----- Data to use

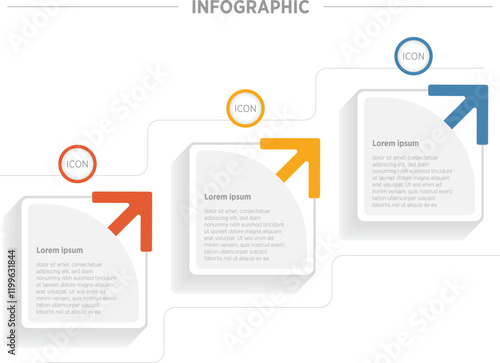 3-step infographic visual representation of information  step-by-step process to help users achieve a goal.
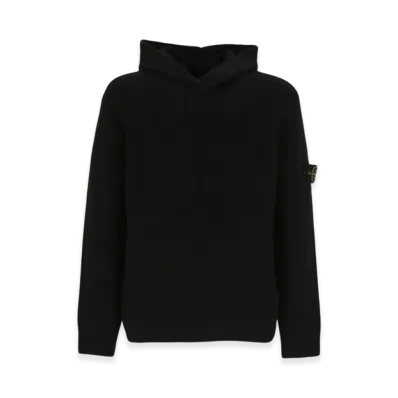 Stone Island 515D5 Wappen Patch Mohair Wool Hooded Knit - 22FW "Navy Blue"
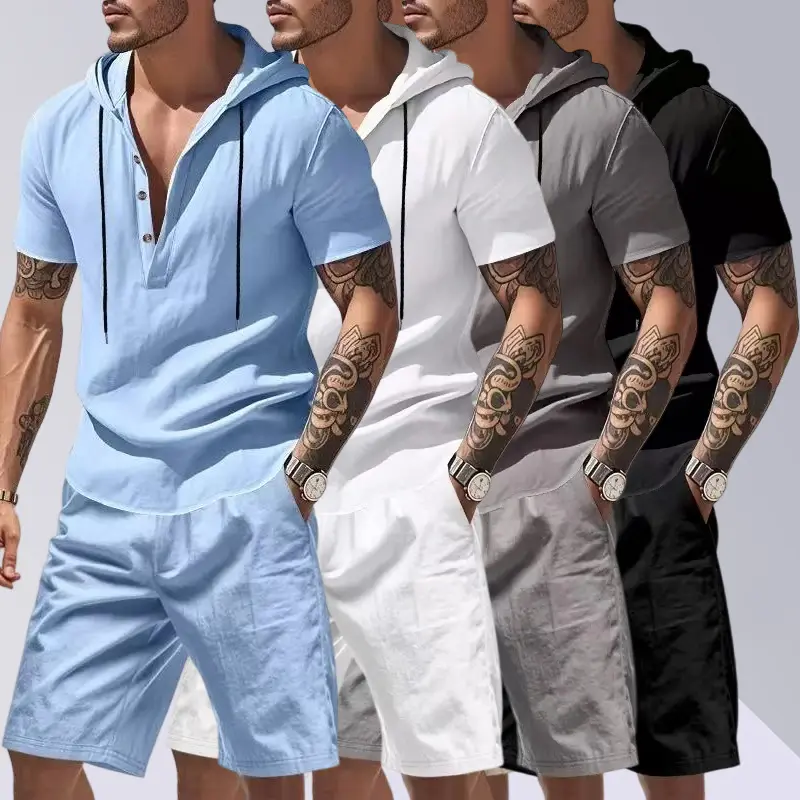 Men's 2-Piece Athleisure Sportswear Set, Solid Linen Hooded Henley and Loose Fit Shorts, Lightweight and Breathable for Summer, Lightweight Athletic Outfits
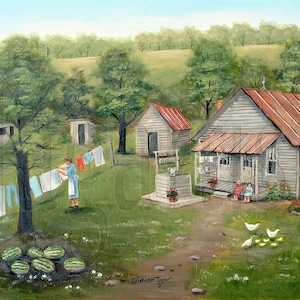Laundry Day Folk Art Prints Clothes Line Washing, Outhouse, Chickens, Southern painting Arie Reinhardt Taylor, Girls Eating Watermelon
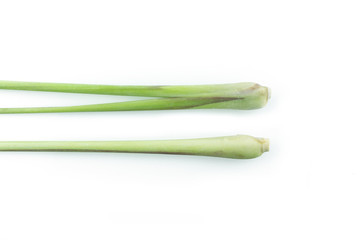 bundle lemon grass on white background.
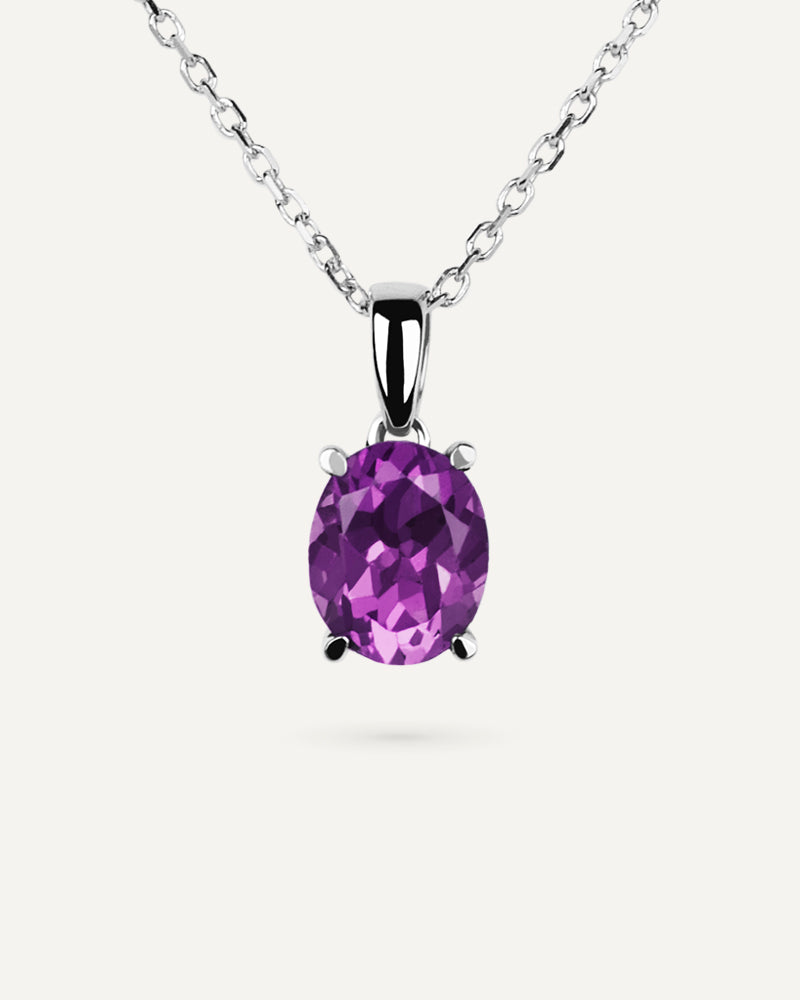 COLLAR OVAL AMATISTA MORADA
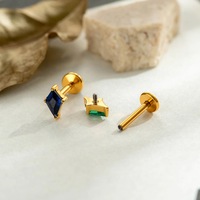 Perhiasan Tindik Telinga Tragus Helix Titanium G23 F136 16G Warna CZ
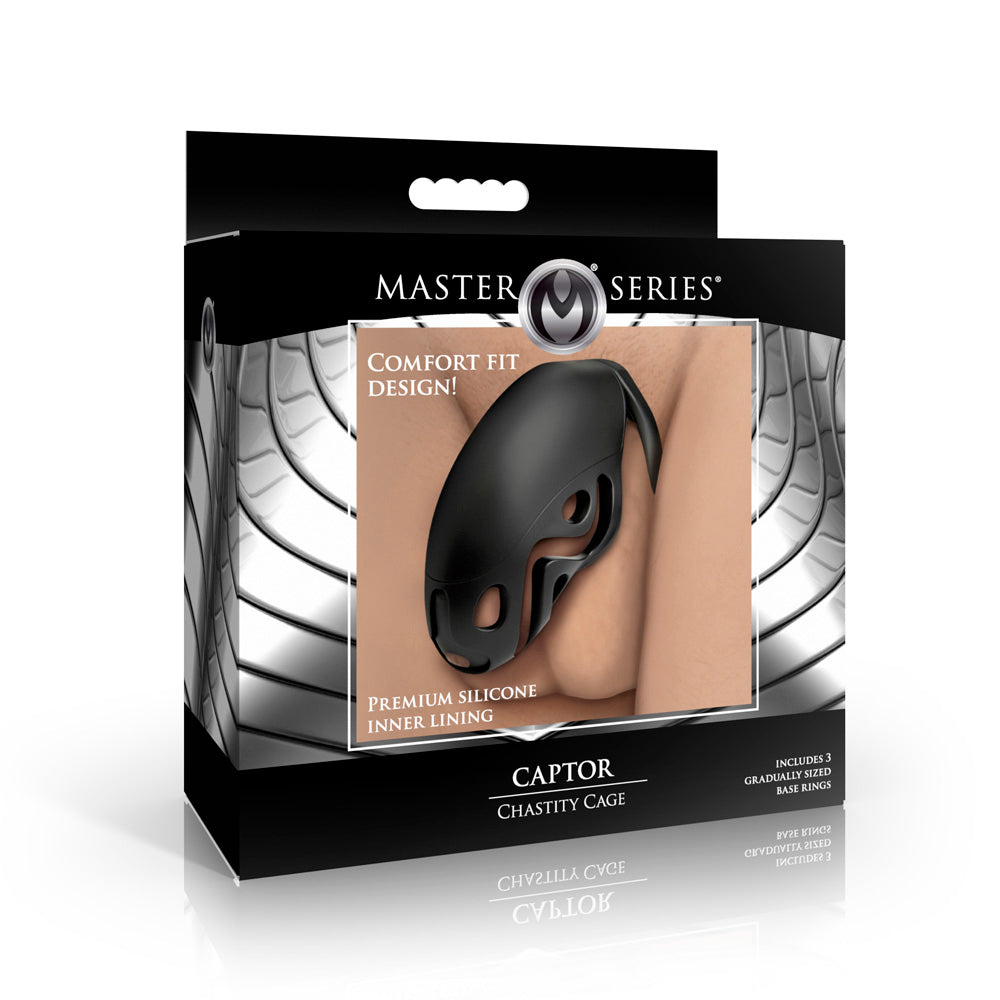 Black Captor chastity cage with silicone lining and breathable design.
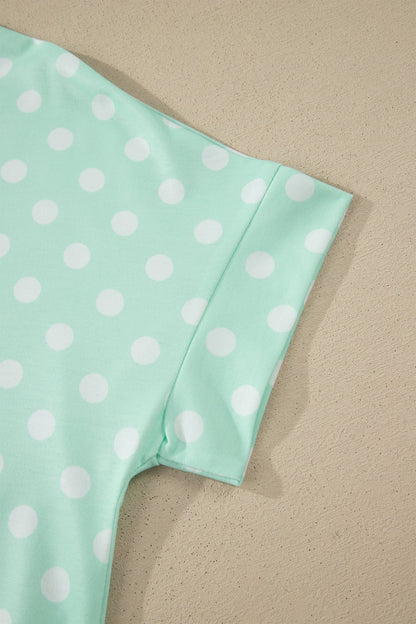 Polka Dot Colorblock Mock Neck & Shorts Set
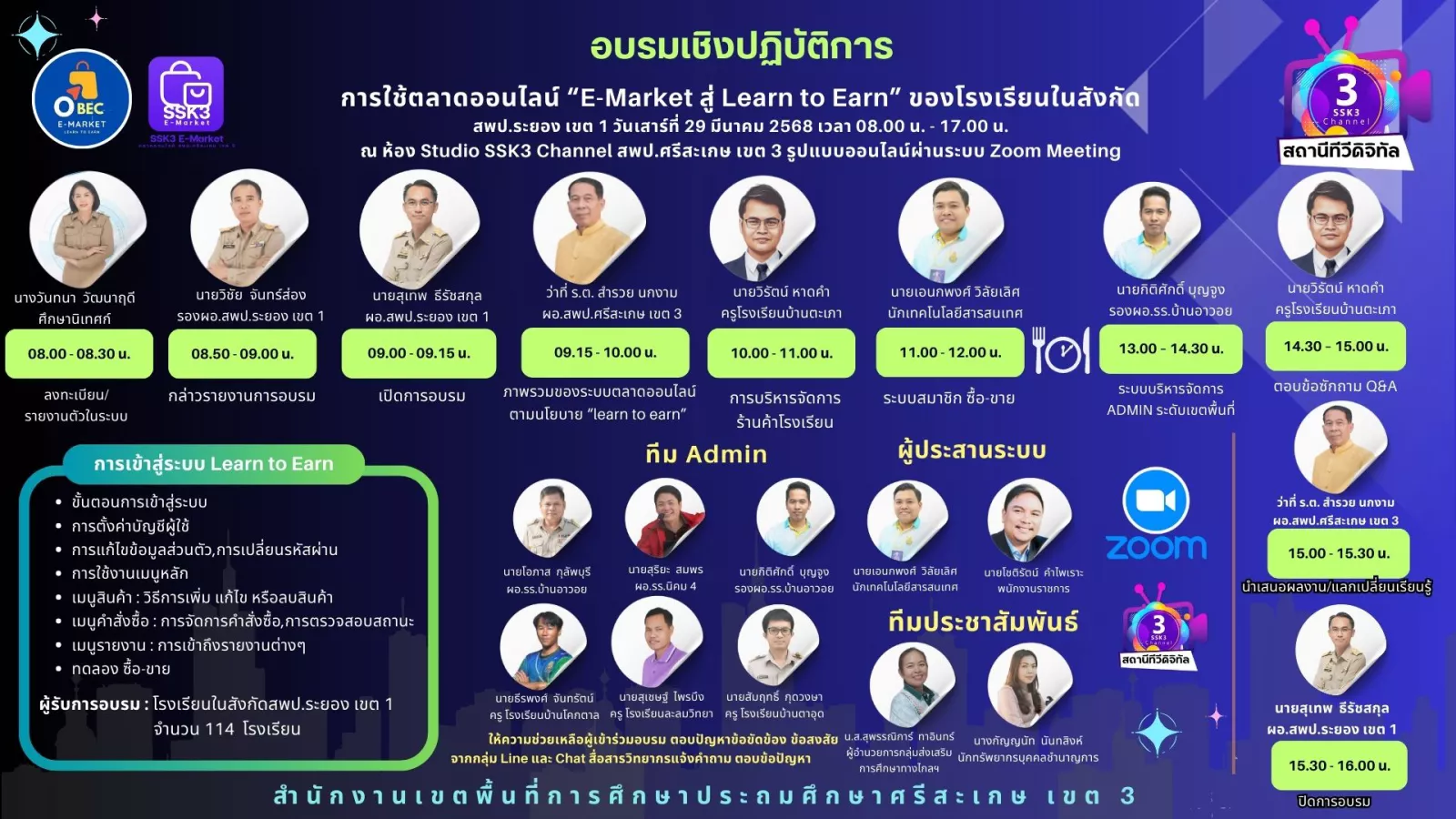 วิทยากรอบรมเชิงปฏิบัติการออนไลน์ ระบบตลาดออนไลน์ E-Market สู่ Learn to Earn (รุ่นที่ 2)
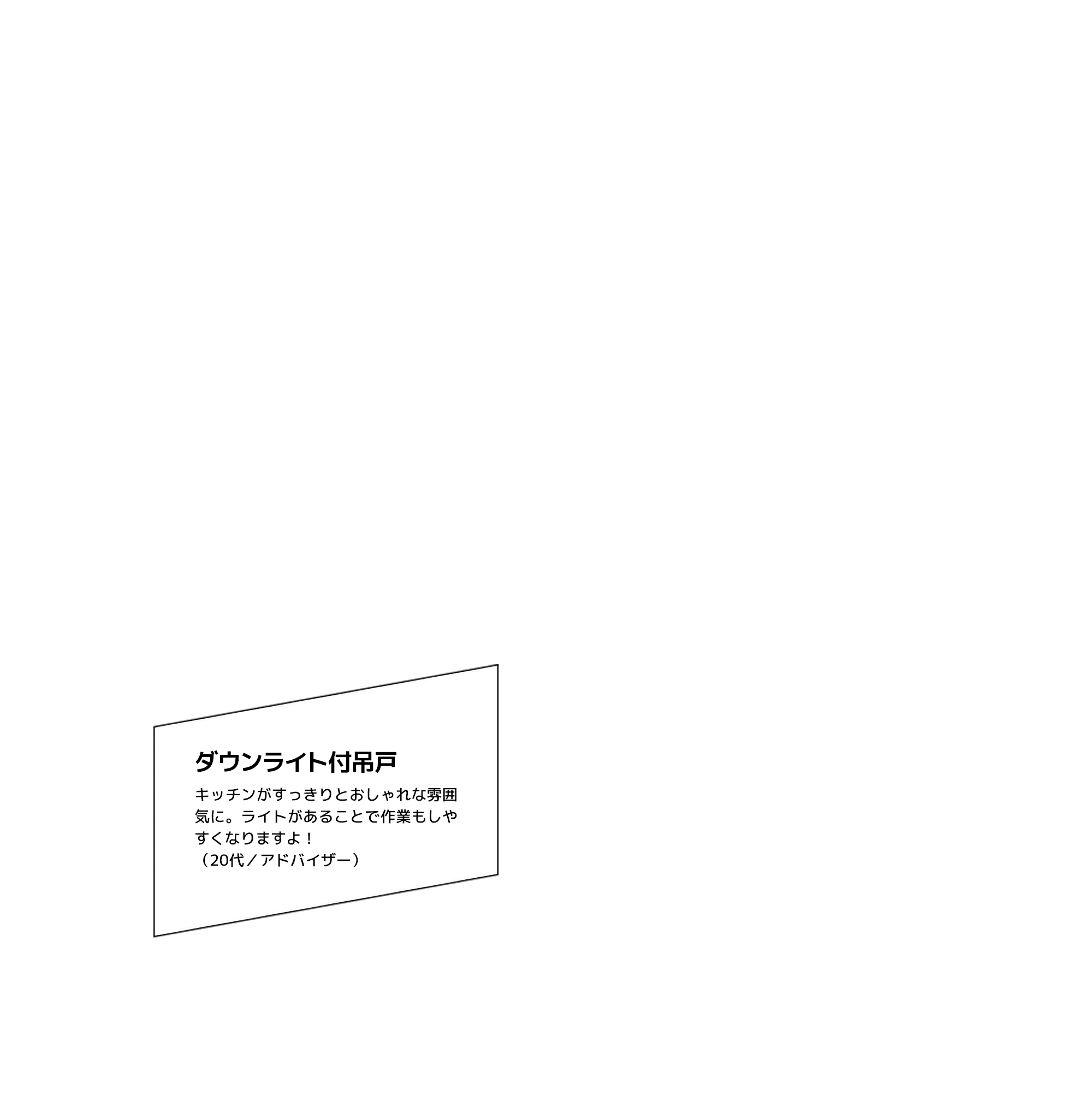 ダウンライト付吊戸 キッチンがすっきりとおしゃれな雰囲気に。ライトがあることで作業もしやすくなりますよ！（20代／アドバイザー）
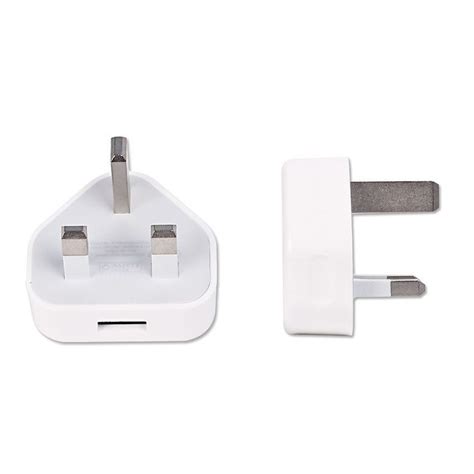 White Uk Plug 3 Pin Mains Charger Adapter Plug 5v 1a Uk Usb Wall
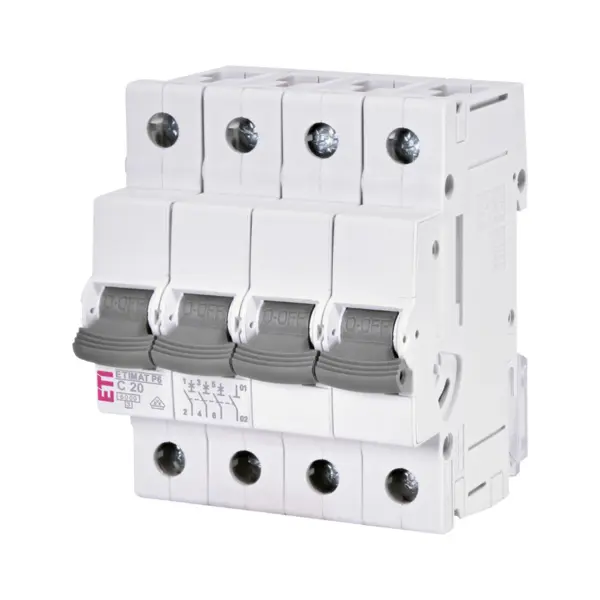 Aparat de protectie supracurent ETIMAT P6 3P+N C20 ETI 001900431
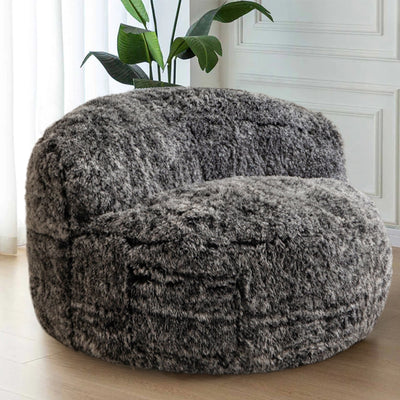 MAXYOYO Giant Bean Bag Chair, Faux Fur Bean Bag Couch for Adults, Accent Chair with Pocket, Plush Black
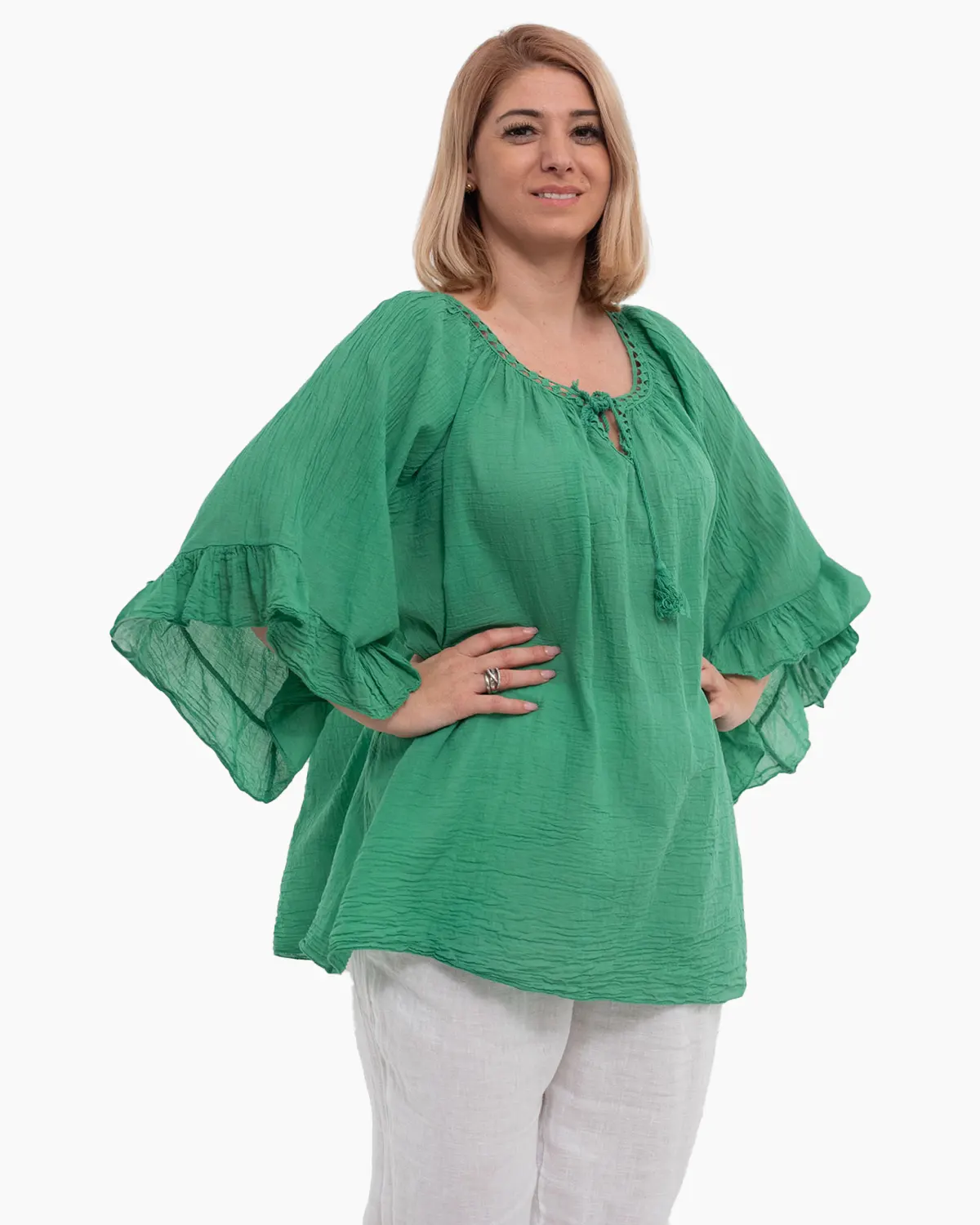 Bluză tip ie verde oversize cu ciucuri și volane [4]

----------

Output all of the data word for word, excluding any pictures.

 3-step infographic visual representation of information  step-by-step process to help users achieve a goal.
 Stone Island 515D5 Wappen Patch Mohair Wool Hooded Knit - 22FW "Navy Blue"
 Men's 2-Piece Athleisure Sportswear Set, Solid Linen Hooded Henley and Loose Fit Shorts, Lightweight and Breathable for Summer, Lightweight Athletic Outfits
Laundry Day Folk Art Prints Clothes Line Washing, Outhouse, Chickens, Southern painting Arie Reinhardt Taylor, Girls Eating Watermelon
 bundle lemon grass on white background.
 COLLAR OVAL AMATISTA MORADA
 Perhiasan Tindik Telinga Tragus Helix Titanium G23 F136 16G Warna CZ
 Black Captor chastity cage with silicone lining and breathable design.
 Polka Dot Colorblock Mock Neck & Shorts Set
 วิทยากรอบรมเชิงปฏิบัติการออนไลน์ ระบบตลาดออนไลน์ E-Market สู่ Learn to Earn (รุ่นที่ 2)
 ダウンライト付吊戸 キッチンがすっきりとおしゃれな雰囲気に。ライトがあることで作業もしやすくなりますよ！（20代／アドバイザー）
 White Uk Plug 3 Pin Mains Charger Adapter Plug 5v 1a Uk Usb Wall
 Aparat de protectie supracurent ETIMAT P6 3P+N C20 ETI 001900431
 MAXYOYO Giant Bean Bag Chair, Faux Fur Bean Bag Couch for Adults, Accent Chair with Pocket, Plush Black
 Bluză tip ie verde oversize cu ciucuri și volane [4]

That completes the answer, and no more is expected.